La cosa es en serio, me dije. Cuando empezaron a sonar las alarmas, entré en pánico, con una sensación de correr a cualquier parte: Pero mantuve la calma, era imposible caminar; me sentía como si estuviera borracha, me tambaleaba de un lado a otro. Era difícil mantener el equilibrio. Pero estuve calmada, cosa que me sorprende, porque soy muy nerviosa y más cuando no tengo a mi hija cerca. Tal vez estaba en estado de shock y no lo sabía. Una vez todos afuera, me vino a la mente la cara de #Arita, mi niña de 10 años, y me preguntaba quien la estaría protegiendo, no pensaba en más nada, no había líneas de internet para llamar a Daniel, no podía llamar, ni enviar mensajes.
Hasta que dejó de temblar, y comencé a ver todo a mi alrededor: gente asustada en la calle, lloraban; otros corrían de un lado a otro; algunos se desmayaban, autos y motos a gran velocidad, gritos, sirenas, ruidos… y yo solo pensaba en mi hija. Minutos más tarde nos permitieron ingresar a la oficina, corrí a llamar al colegio, rezando para que me contestaran. Efectivamente, hablé con la directora, quien me aseguró que todo estaba bien.
Mi otra misión era buscarla. Traté de comunicarme con mi esposo, sobrinas y cuñados. Fue complicado, hasta que al fin supe que todos están bien, Pero tenía que pensar en el regreso a casa. Mi misión era encontrar algún compañero con carro que viviera cerca de casa, a una hora de nuestro lugar de trabajo. Logré que un muchacho con el que poco he hablado y que había comentado que vivía hacia el sur, me diera el aventón. Le pregunté “¿me puedo ir contigo?” y amablemente asintió, aunque sabía que no era la única en pedir “ride”. Cinco personas en el auto, conversando, alguien trataba de bajar la atención contando chistes, pero todos teníamos cara de terror. Ignorábamos lo que estarían pasando nuestras familias y amigos.
El trayecto mismo nos lo decía: gente que corría, una mujer consolaba a otra que lloraban, decenas caminando, el tráfico imposible, por lo que optamos en quedarnos en el segundo piso de la autopista para sortear caminando el pesado tráfico. Caminé 20 minutos hasta mi casa, y al llegar estaba mi hija, mi esposo, mi hermana y unos vecinos. Nos abrazamos, mientras pensábamos si todo había pasado.

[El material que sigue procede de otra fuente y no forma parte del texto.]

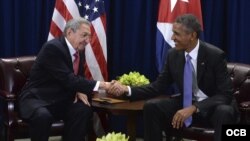 Barack Obama y Raúl Castro, en la sede de Naciones Unidas; Nueva York, septiembre de 2015.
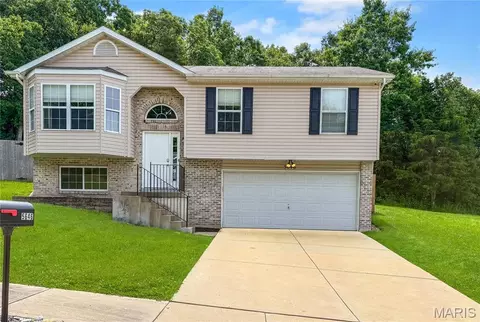 5646 Hawks Landing Dr, Hillsboro, MO 63050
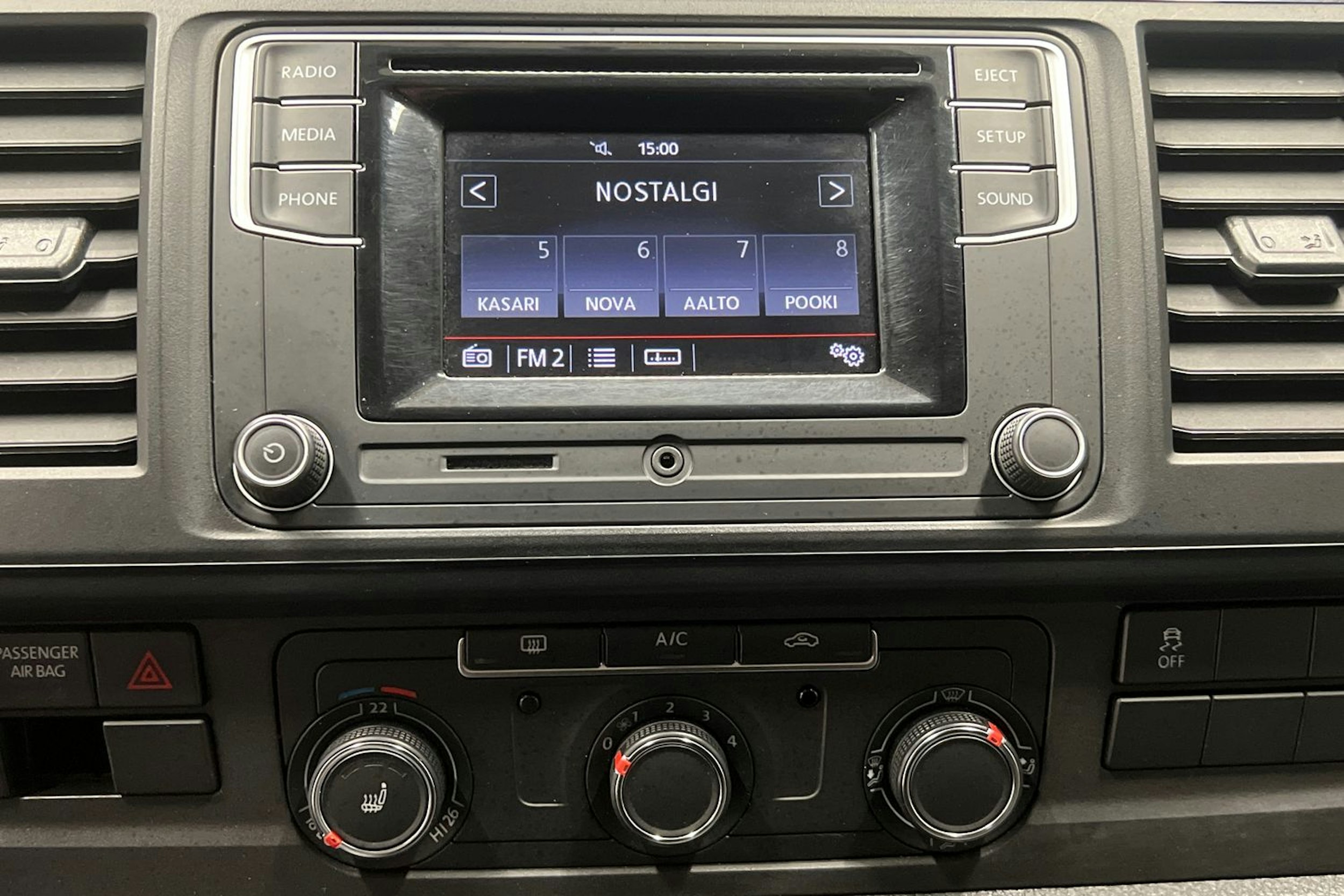 valkoinen Volkswagen Transporter 2019 kuva 13.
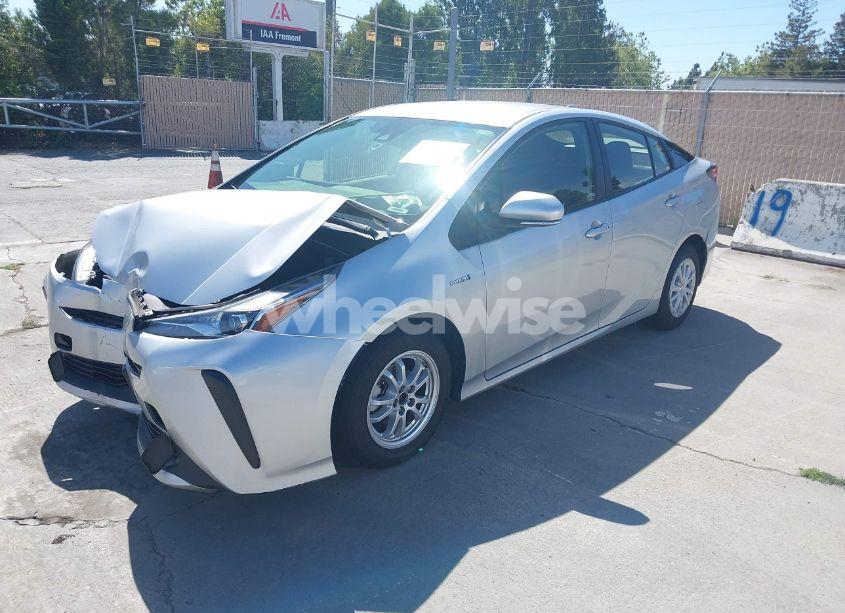 Photo 2 of 2019 Toyota Prius L ECO (VIN JTDKARFU0K3098310)
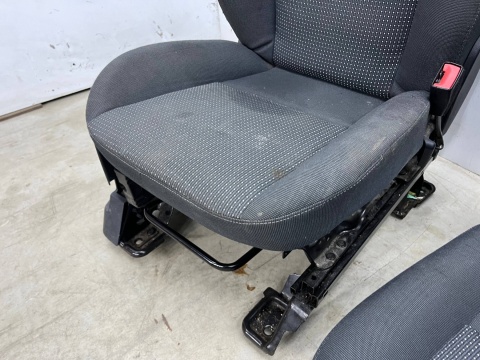 Fotele Ford C-Max MK2 12-19r. PODGRZEWANE EUROPA komplet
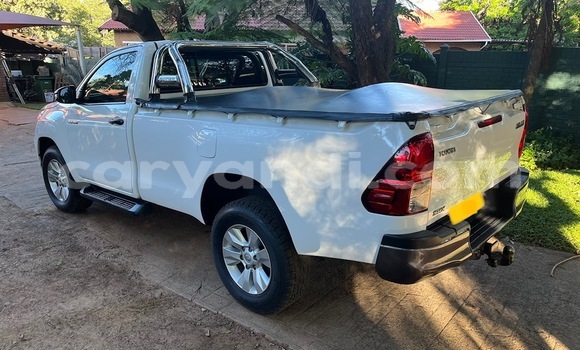 Acheter Occasion Voiture Toyota Hilux Blanc à Chilanga, Lusaka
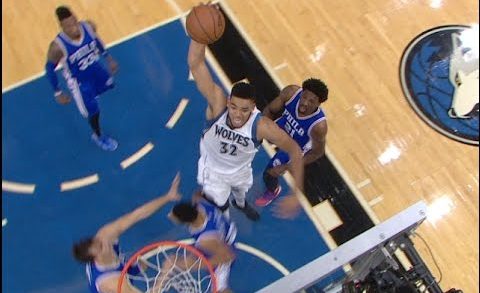 Karl Anthony Towns throws down the ridiculous slam dunk vs. the 76ers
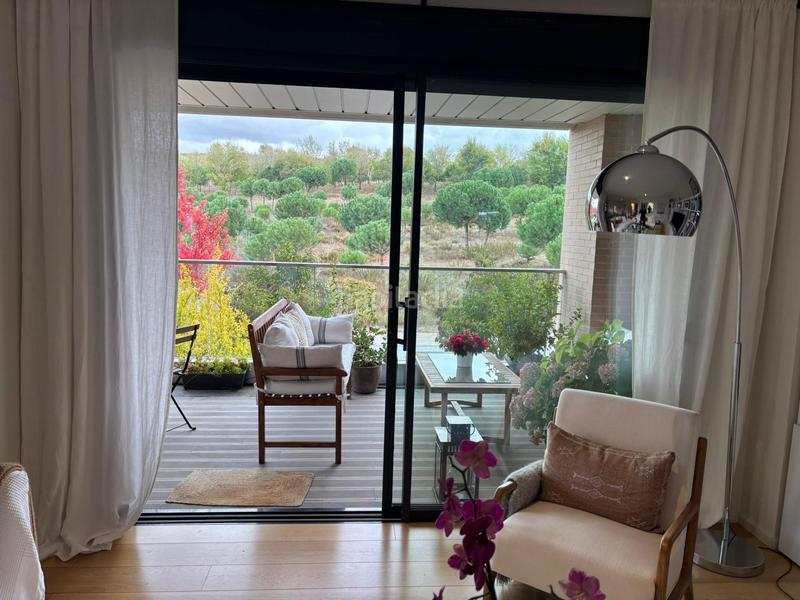 Foto cc47f73c-8bbc-4b2f-9417-092908bde6df. Pis amb aparcament piscina a Encinar de los Reyes La Moraleja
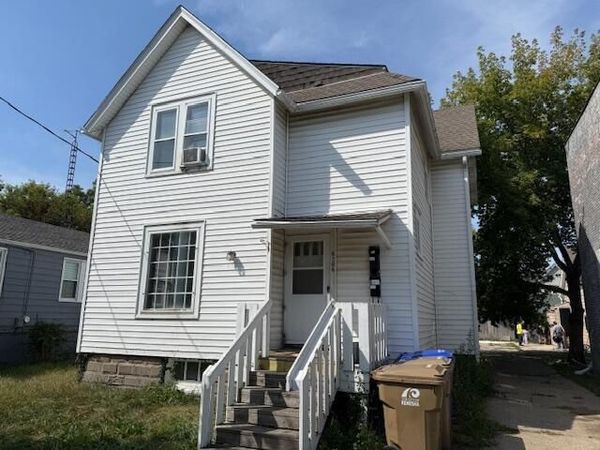 6106 24th Ave, Kenosha, WI 53143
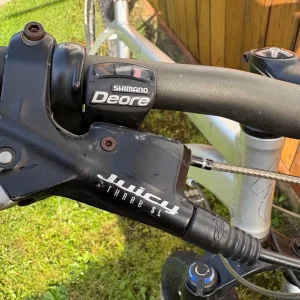 Specialized mountain bike - Image 2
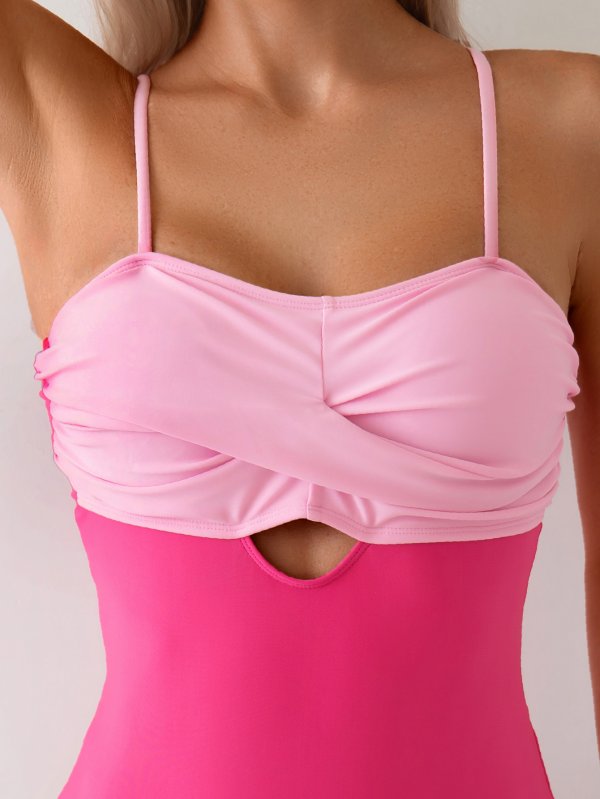 New color blocked one-piece swimsuit ins 2025 new sexy bikini for women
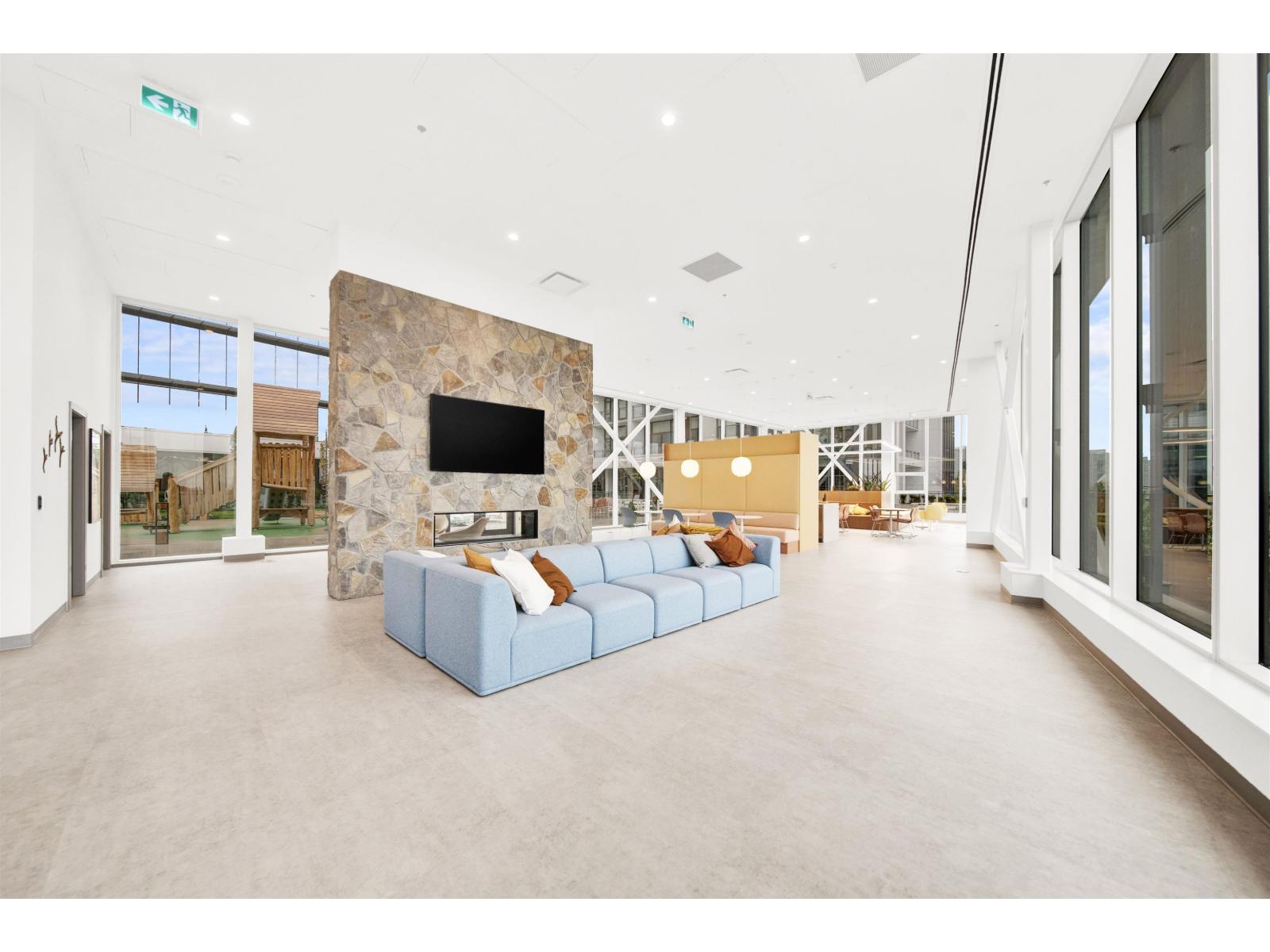 2101 13675 107A AVENUE, Surrey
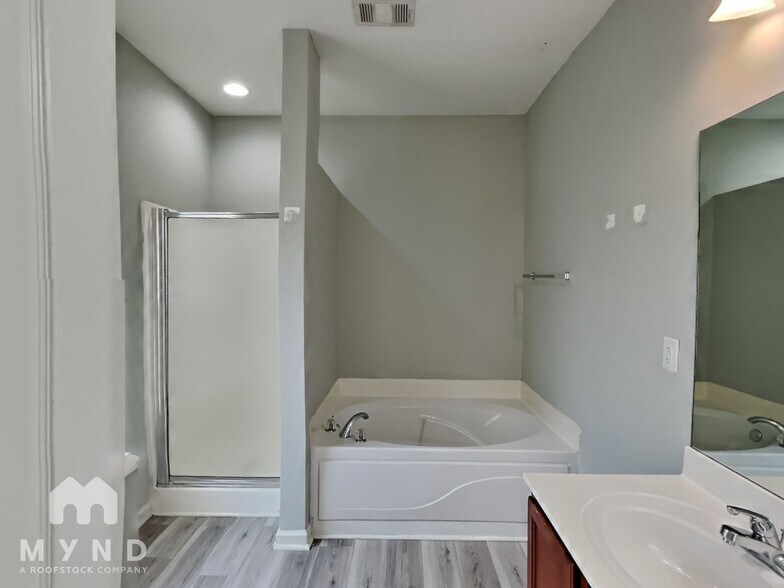 Building Photo - 4627 Rosser Loop Dr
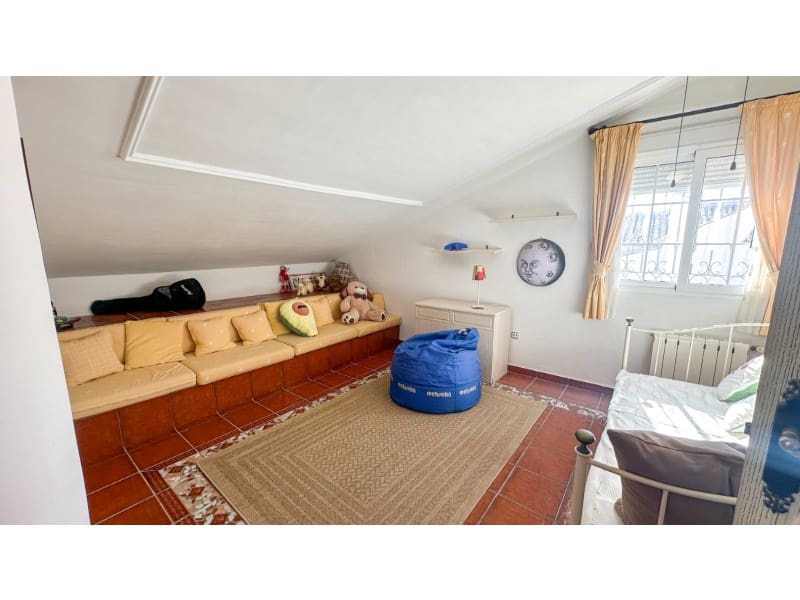 Chalet de 6 habitaciones en La Mata en venta con piscina garaje - 950.000 € (Ref: 10054950)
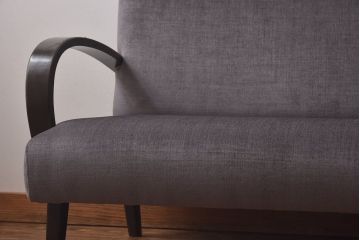 レトロ家具　昭和レトロ　シンプルなデザインとシックな雰囲気のラブソファ(2人掛け、2Pソファ)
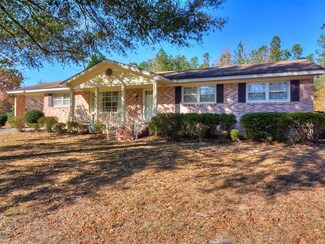 564 Woodland Dr, Williston, SC 29853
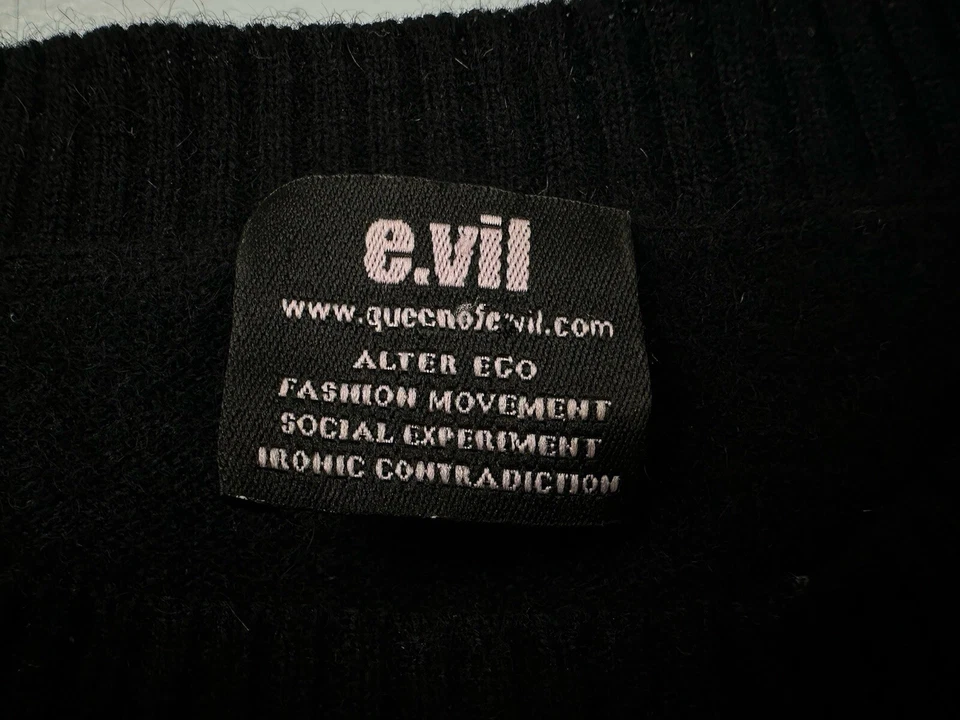 Свитер кашемировый Queen Of Evil L черный со стразами Saks Is A Girls лучший друг - Изображение 2 из 4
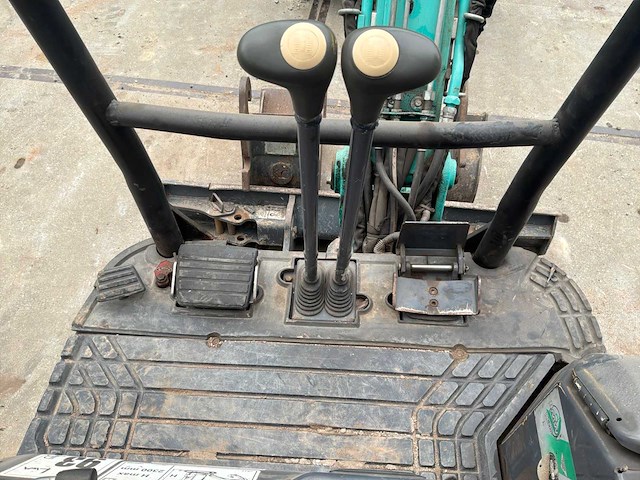 2017 kobelco sk17sr-5 minirupsgraafmachine - afbeelding 4 van  8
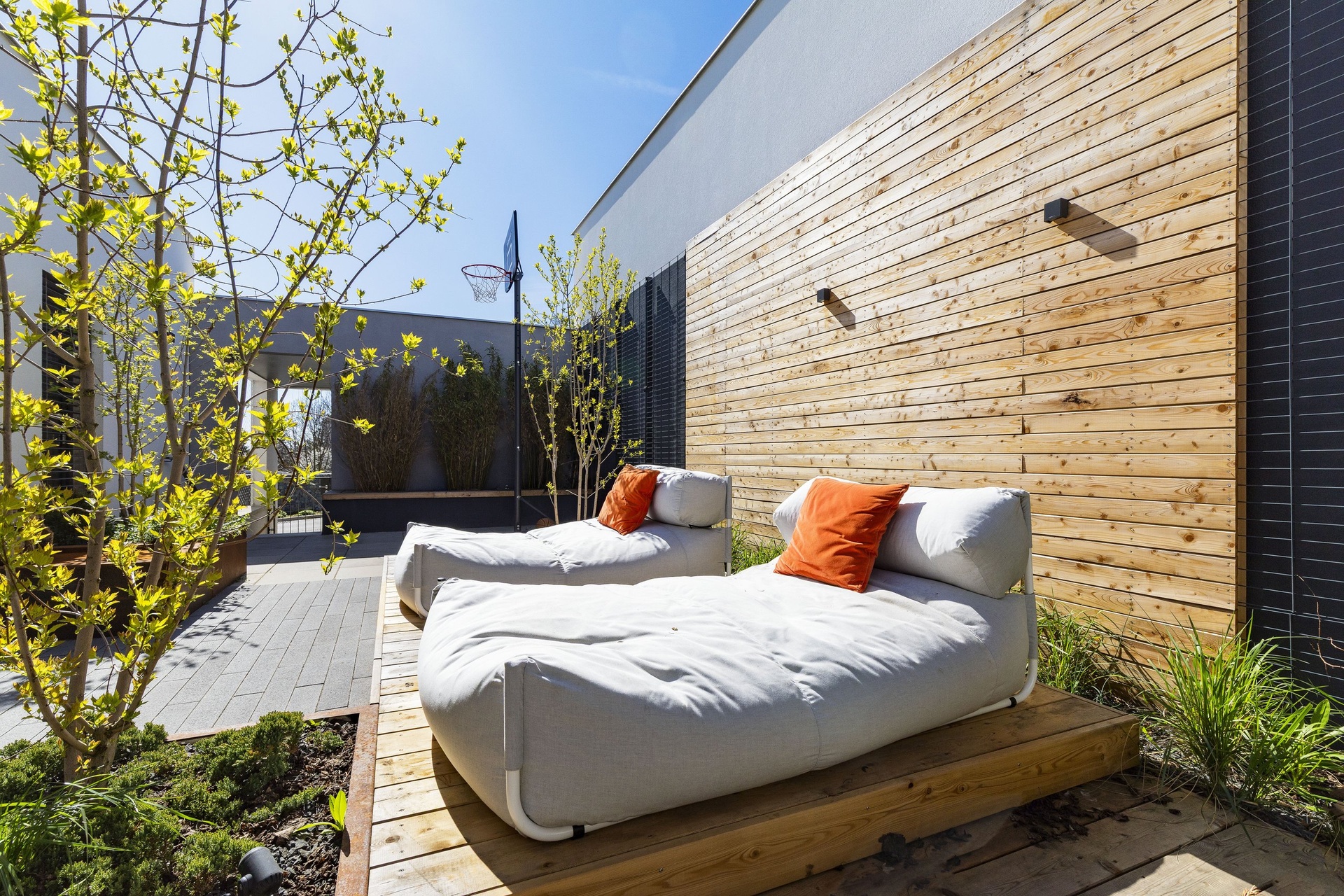 20_K Housličkám 12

Un 19 de septiembre que comenzó como un día cualquiera se transformó, en menos de un minuto, en una película de acción de la cual cada quien quería contar su versión. Entre todas las anécdotas, me quedé con la de Arita. Daniel me dijo lo que le contó la maestra: que mi hija se había comportado tranquila y que durante el sismo, todos permanecieron en el salón, debajo de sus pupitres. Pero Arita ayudó a las maestras a tranquilizar a los niños más pequeños que, aterrados, no paraban de llorar. Hasta que vio a su papá asomarse en el salón y entonces Arita lo abrazó y rompió a llorar. Mientras celebrábamos el gesto “heroico” de Arita, alguien preguntó “¿Cómo es posible que dos horas antes habíamos hecho el simulacro, y cuando tembló de verdad no sabíamos qué hacer?”. Nadie tuvo respuesta. Solo agradecimiento al gesto solidario de los mexicanos. Esa noche nadie durmió. Como yo, mucha gente estuvo viendo por televisión el gesto solidario de los mexicanos ayudándose unos a otros en las labores de rescate de personas atrapadas en casas y edificios que se habían venido abajo. Me dije, México es un país grande, no por su territorio o su población, sino por la calidad de su gente.